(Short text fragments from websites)
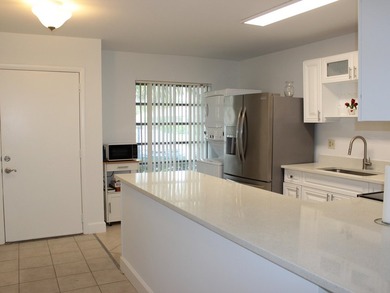 Remodeled Villa 2/1 in the desirable 55+ Boca Lakes Condominium - photo 4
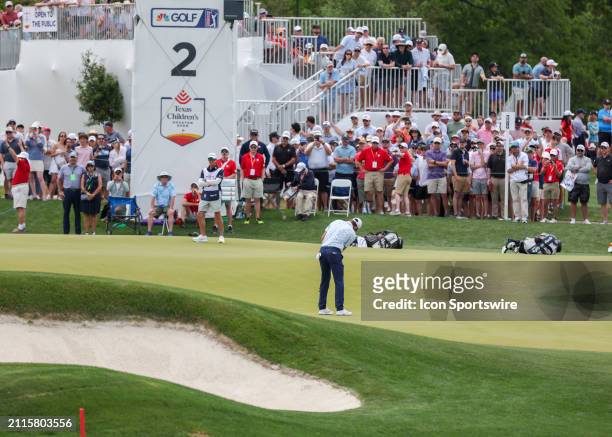 Long view of 2 green with Scottie Scheffler putting during Round 2 of the PGA Texas Children's Houston Open at Memorial Park Golf Course on March 29,...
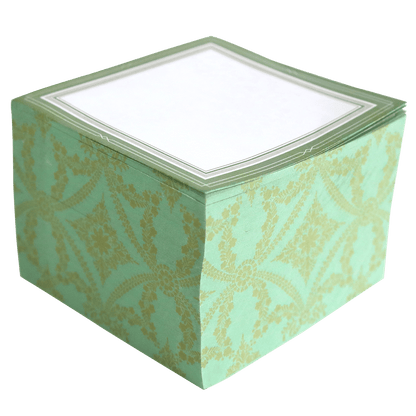 a green and gold box with a white lid.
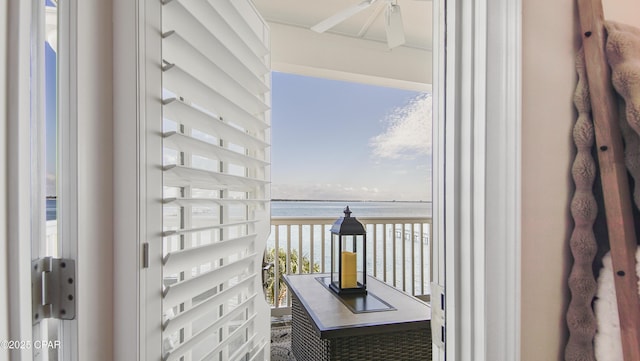 balcony featuring ceiling fan and a water view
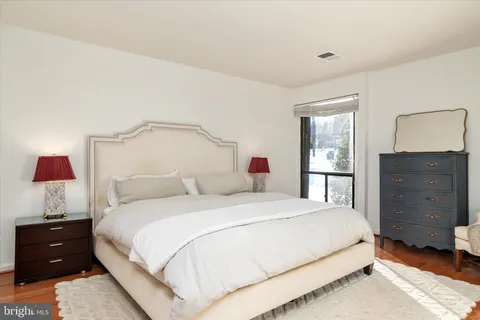 a bedroom with a bed and a closet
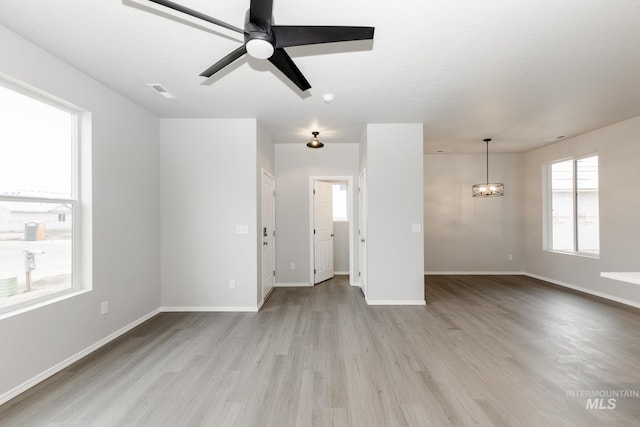 2887 N Rocky Bottom Way, Kuna, ID 83634 - unfurnished living room with light wood finished floors, baseboards, and ceiling fan
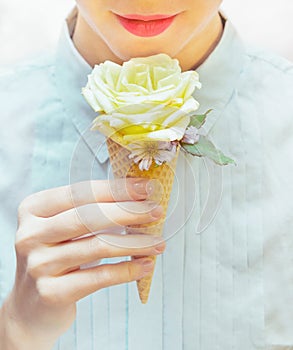 Girl is eating an unusual ice cream. Rose in waffle cone.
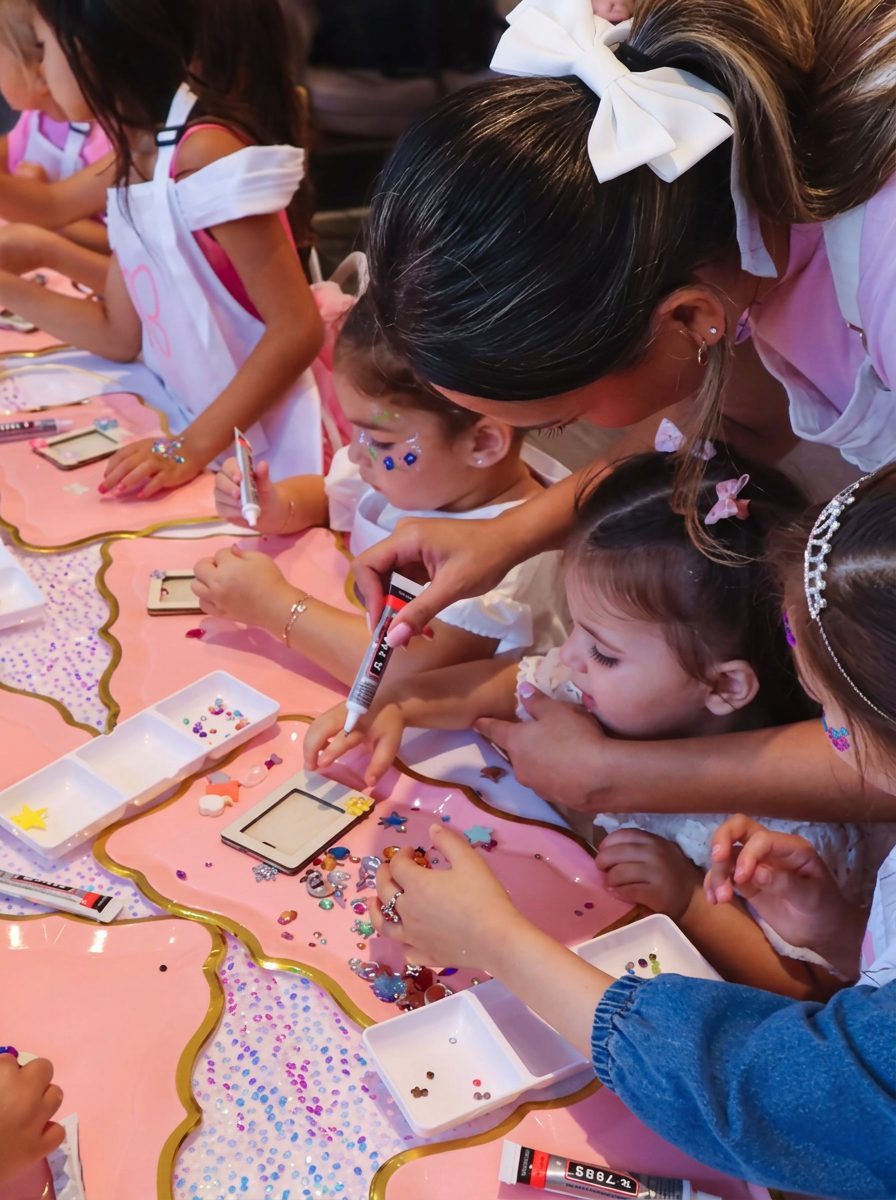 Creative Corner hosts in branded aprons ready to guide kids' activities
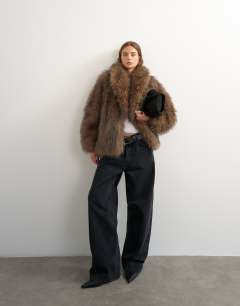 Model wearing Faux fur mid length shawl jacket in light brown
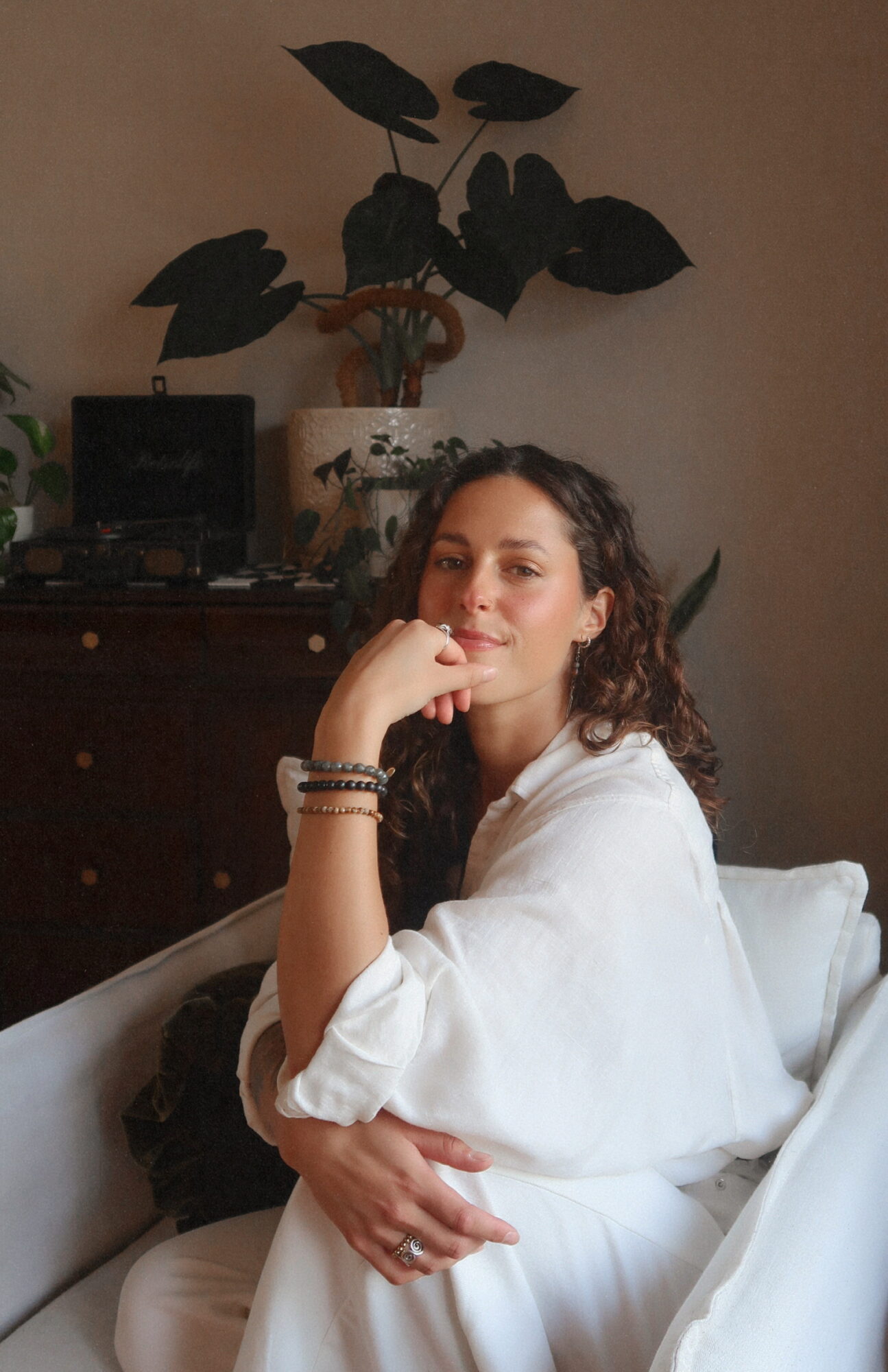 Woman with curly hair sitting on a white couch, wearing a white outfit, with a plant and furniture in the background.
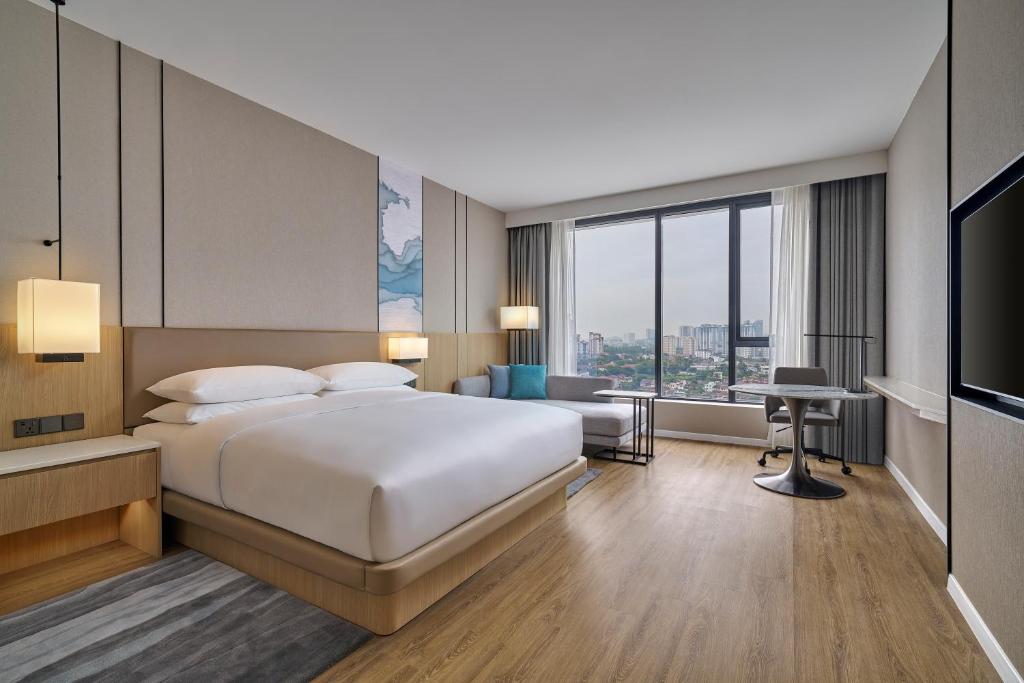 A modern king room with a large window, television and compact desk.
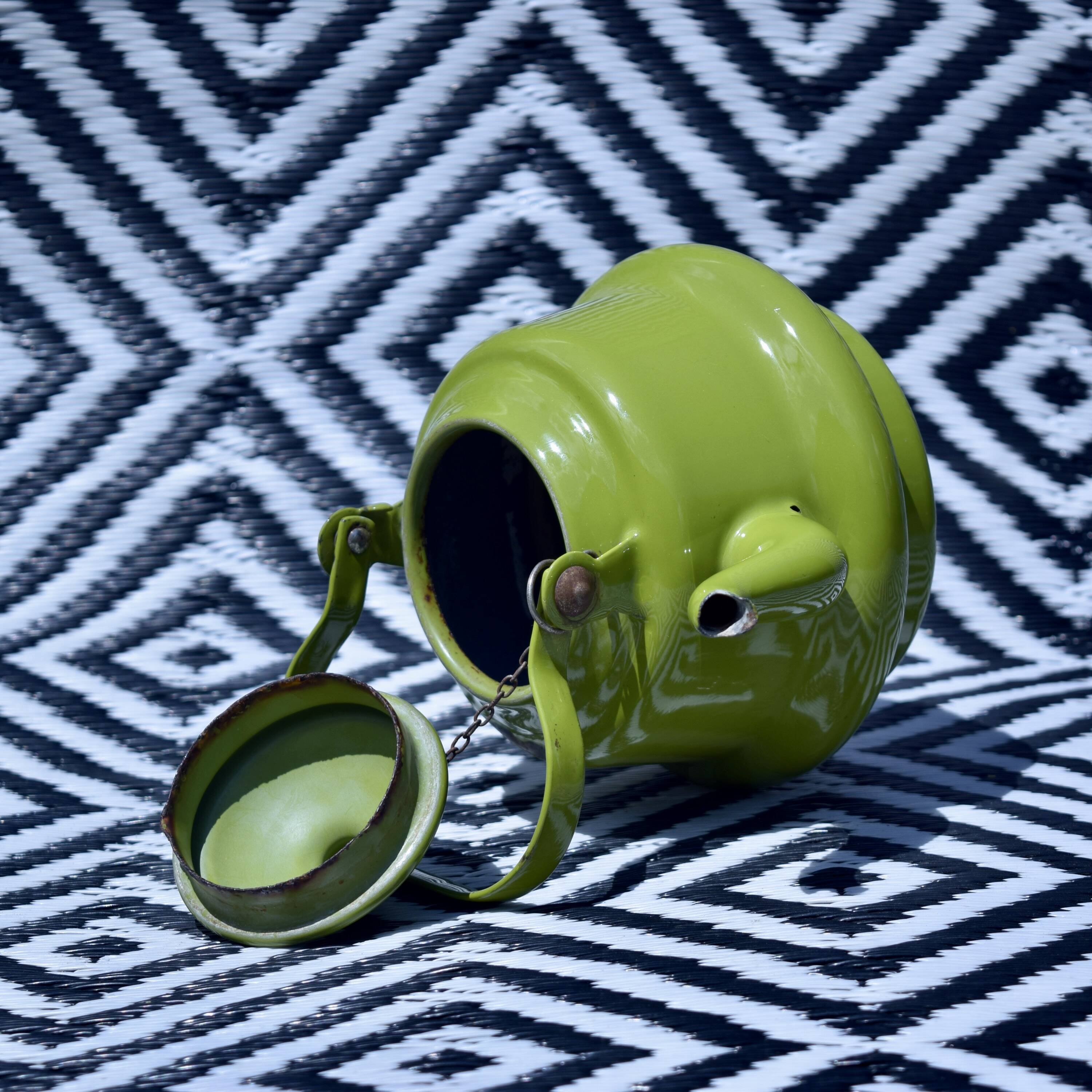 Vintage green enameled sheet metal kettle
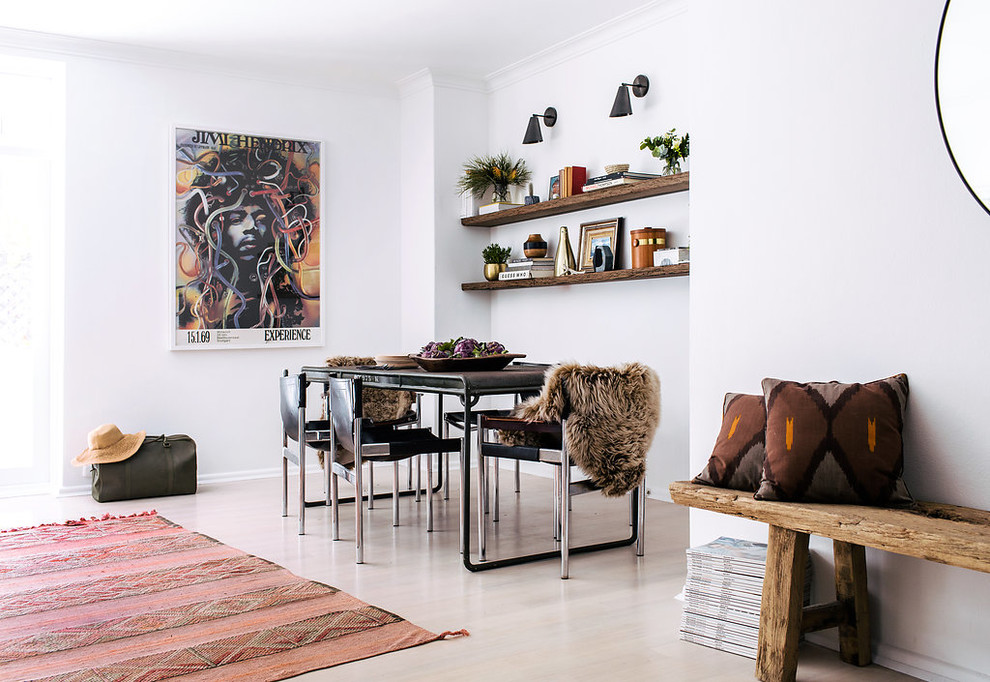 Scandinavian open plan dining room in Sydney with white walls, light hardwood flooring and beige floors.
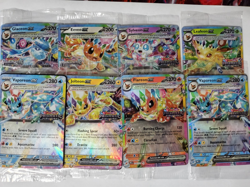 8 Prismatic Evolutions sealed Stamped Promos, Eevee, Leafeon, Sylveon, Jolteon+ - Image 1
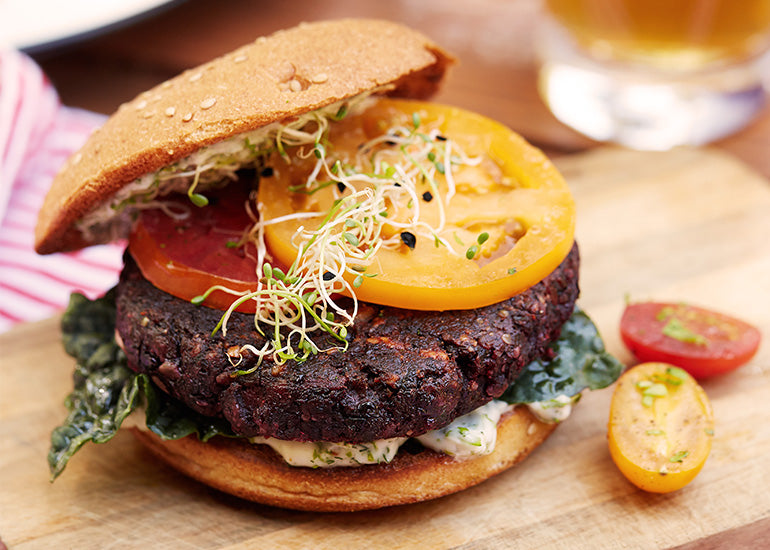 A lentil beet burger made with Navitas Organics Chia Powder and Hemp Seeds on a bun, topped with sliced tomato and sprouts.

• _Goal of the exercise_:
Return exactly the lines above, from the one with "a green and gold box with a white lid." up to and including the one with "Scandinavian open plan", and include no pictures.

• _Result of this task_:
 a green and gold box with a white lid.
 balcony featuring ceiling fan and a water view
 a bedroom with a bed and a closet
 2887 N Rocky Bottom Way, Kuna, ID 83634 - unfurnished living room with light wood finished floors, baseboards, and ceiling fan
 Girl is eating an unusual ice cream. Rose in waffle cone.
 Creative Corner hosts in branded aprons ready to guide kids' activities
 Model wearing Faux fur mid length shawl jacket in light brown
 Woman with curly hair sitting on a white couch, wearing a white outfit, with a plant and furniture in the background.
 A modern king room with a large window, television and compact desk.
 Vintage green enameled sheet metal kettle
 Scandinavian open plan dining room in Sydney with white walls, light hardwood flooring and beige floors.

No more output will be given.